Showing posts with label discussion. Show all posts
Showing posts with label discussion. Show all posts

Friday, October 21, 2016

Why I Hardly Ever Read Sequels and Seldom Finish Book Series

Anyone who's been reading for a while knows that I review a lot of book series on my blog. I hardly ever complete series though and more often than not you'll see me read a sequel, dislike it, and then stop reading the series (or even the author!) altogether.

I feel like book series are always a commitment. Most people I know, very much to my shock, buy an entire series before having even read the first book. And then they'll go ahead and read all books, regardless of whether they liked the individual novels or not. I'd never do that.

Especially when I'm reading a series, I'll need to love the world and the characters and ideally the writing so much that I'm excited for the sequel. Or at least want to see that nice cliffhanger ending resolved. Something, anything like that is a must for me to continue the series. Naturally, that hardly ever happens. 
Too many books are forcibly turned into a series, don't make sense as a series, and are just overall drawn out. Even with those, I still get people asking me all the time why I won't continue and give the series another shot with a sequel. The long answer is this.

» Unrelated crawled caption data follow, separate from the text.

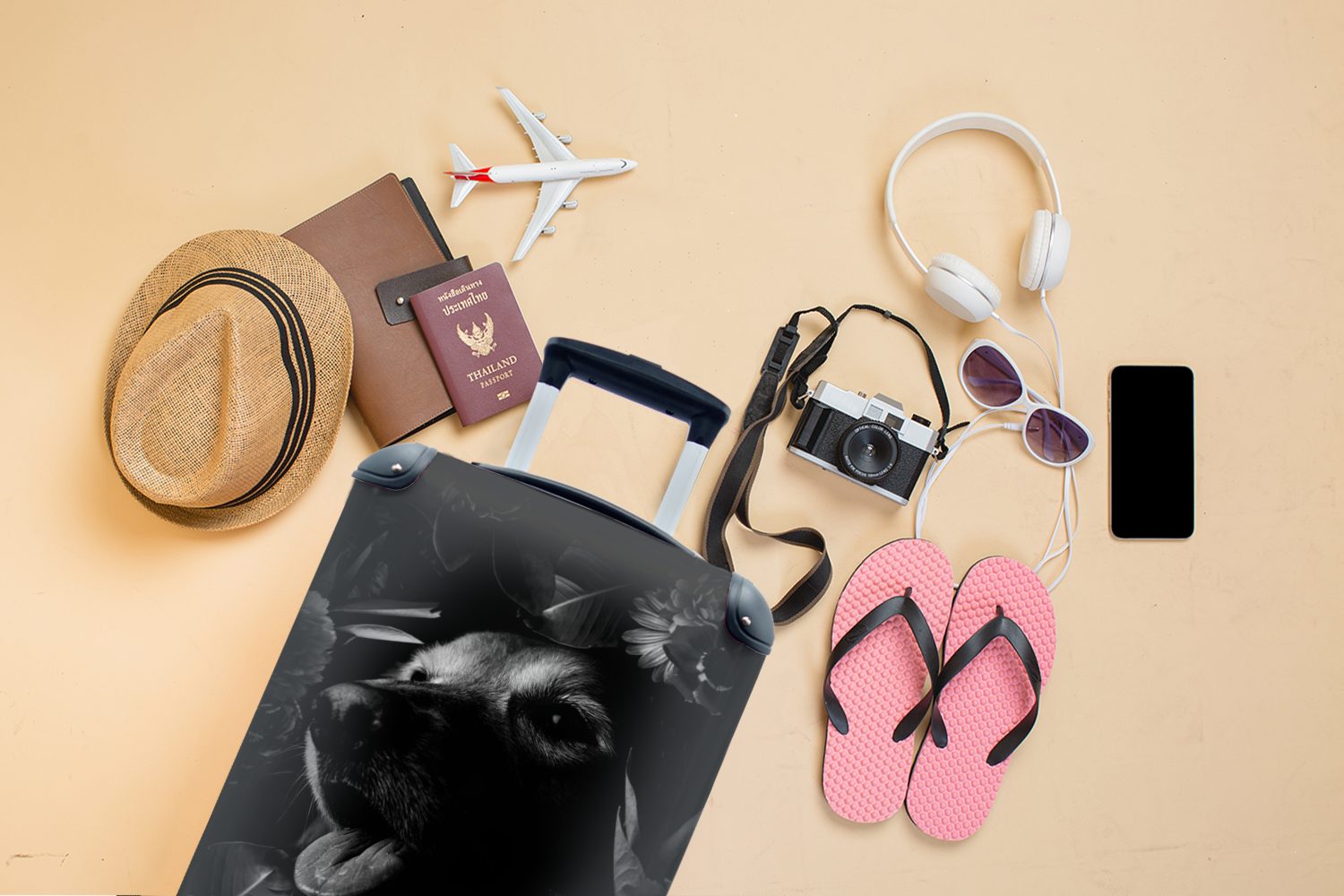 MuchoWow Handgepäckkoffer für Handgepäck rollen, Reisetasche Reisekoffer dunklem und Hund weiß, mit Rollen, - Hintergrund vor schwarz Trolley, 4 Botanischer Ferien
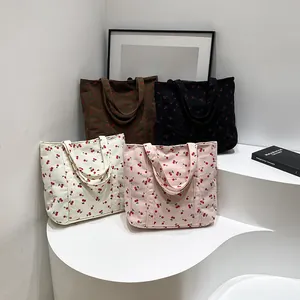Détail des sacs cabas en velours côtelé avec imprimés cerises en blanc, rose, marron et noir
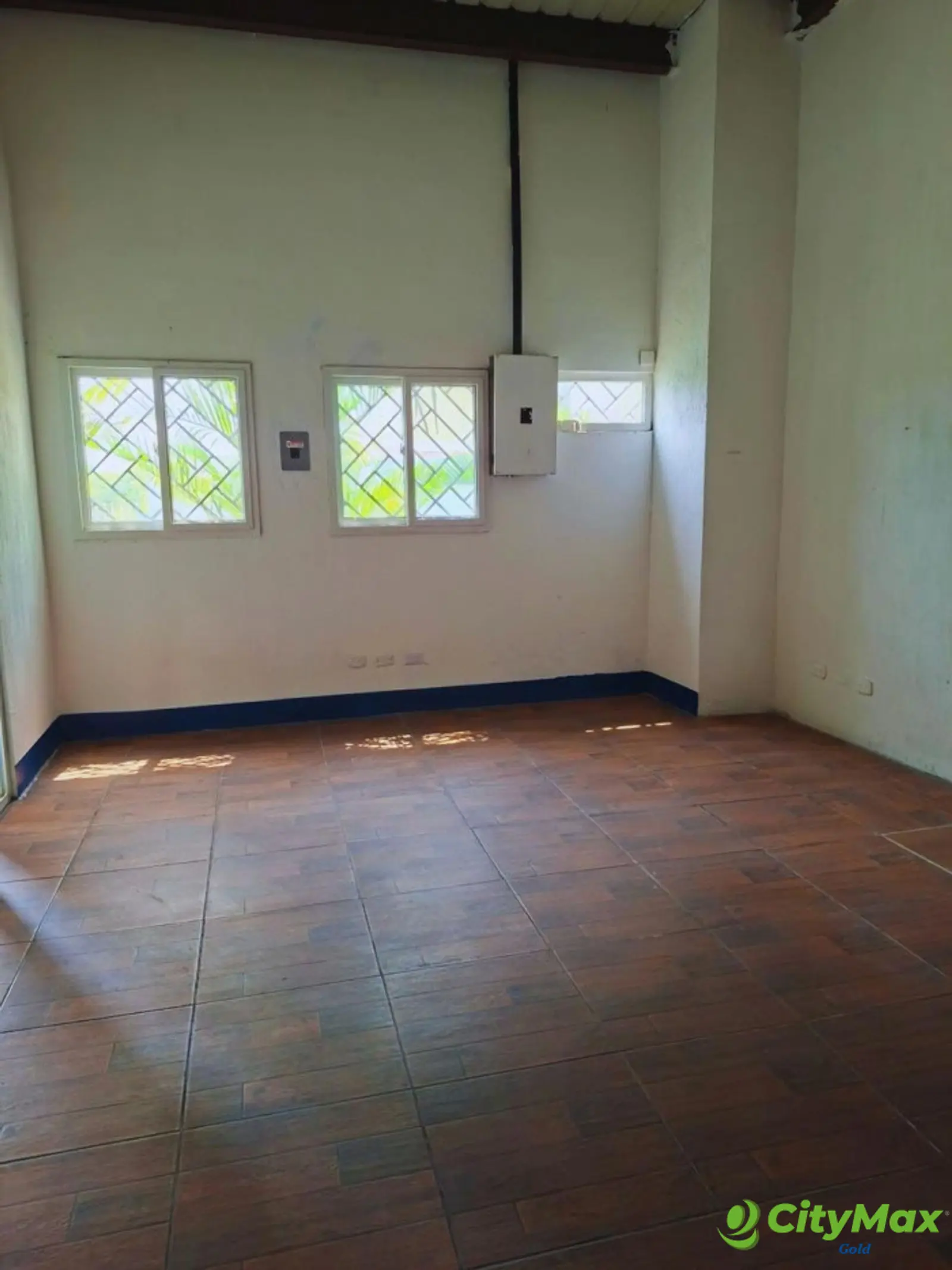 Bodega en Alquiler Km. 63 Puerto Quetzal a Escuintla - foto 9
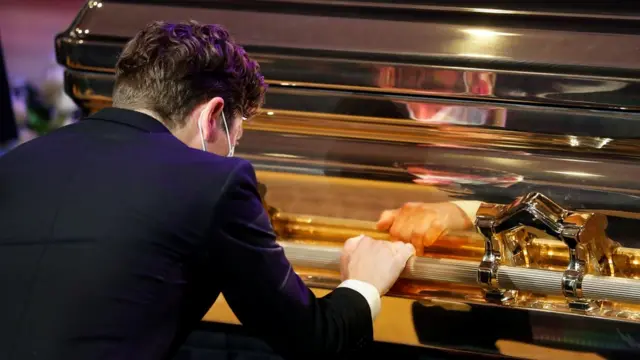 Прощание с Флойдом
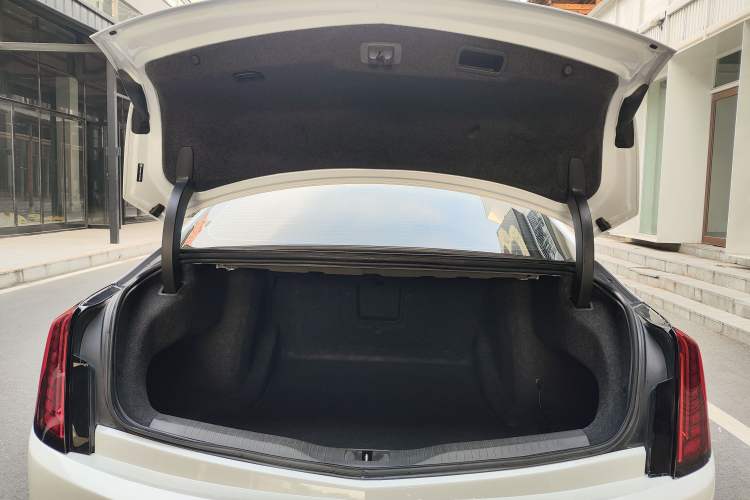 Used Cadillac CT6 2019 28T Luxury Model
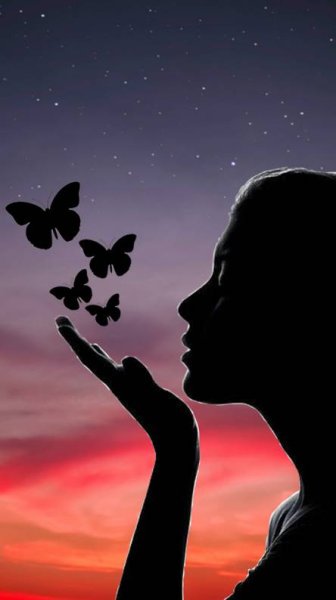 Девушка среди бабочек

There are too many better books out there!

To me, there are too many books out there to even remotely consider sticking with every series I start. I think the first novel in a series is to be treated the same way as a regular stand-alone. Don't like, don't pick up another novel by that author. I make most of my reading decisions like this, thinking about the other books I've read by the same author and asking myself whether I really want to waste my time with something I very likely won't enjoy.

Just think about that wasted time that you could've spent reading something you'll enjoy, possibly even a new favorite. I'm always angry about every one or two star read that wasted my time, considering that I could've read something better in the meantime. Aren't you?

Why would I continue something I hated?

With book series it's even more than just a time commitment. If I don't care about the characters, don't care about the world, possibly even hate the writing, why would I waste any time on that? 

Sure book series look nice if you have all the books displayed beautifully on your shelf, but what's the use if you hated the entire experience and had to force yourself to continue? If I already bought the whole series because it was discounted or whatever, you bet I'll still get rid of those darn sequels if I hated the first one or was very indifferent to it.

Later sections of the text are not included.